The United Nations and Switzerland last week added Emraan Ali to their ISIL sanctions list. Ali is suspected of recruiting for the terrorist organization and instructing individuals to commit terrorist acts. The United Kingdom also sanctioned Ali last week (see 2111260002). The U.S. designated Ali in September 2018.
The European Court of Justice dismissed an appeal on Nov. 18 by Fereydoun Mahmoudian that sought to increase the amount of compensation awarded to Mahmoudian from the General Court's decision to give him over $80,000 due to his inclusion on the European Union's Iran sanctions list. Unsatisfied with this amount, Mahmoudian sought over $1 million in material damages and $564,000 for non-pecuniary damages from the ECJ or to remand the case to the General Court. The appealed damage payments awarded by the lower court also included payments of over $560 for every month his assets were frozen. The ECJ ruled that the General Court was right to find that Mahmoudian gave insufficient evidence to establish the reality and extent of the alleged damages, and that the General Court's numbers were properly supported. The ECJ also ordered Mahmoudian to bear his own costs and pay those incurred by the European Council, but the European Commission was required to pay its own costs.

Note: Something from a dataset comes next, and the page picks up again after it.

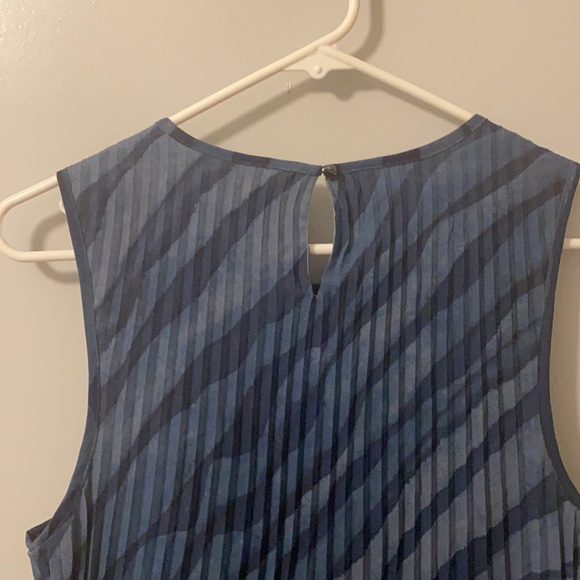 Top - Picture 5 of 6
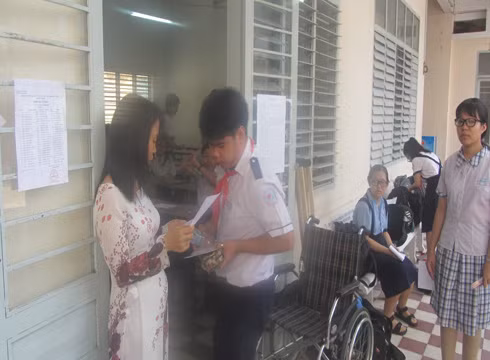 Giám thị 1 gọi tên thí sinh vào phòng thi tuyển sinh lớp 10 (ảnh: P.L) Giám thị 1 gọi tên thí sinh vào phòng thi tuyển sinh lớp 10 (ảnh: P.L)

The Office of Foreign Assets Control last week renewed a general license authorizing transactions between certain companies and Petroleos de Venezuela S.A. General License No. 8I, which replaces No. 8H (see 2106020003), authorizes transactions between PdVSA and Chevron, Halliburton, Schlumberger, Baker Hughes and Weatherford International, with certain restrictions, through 12:01 a.m. EDT June 1, 2022. The license was scheduled to expire Dec. 1.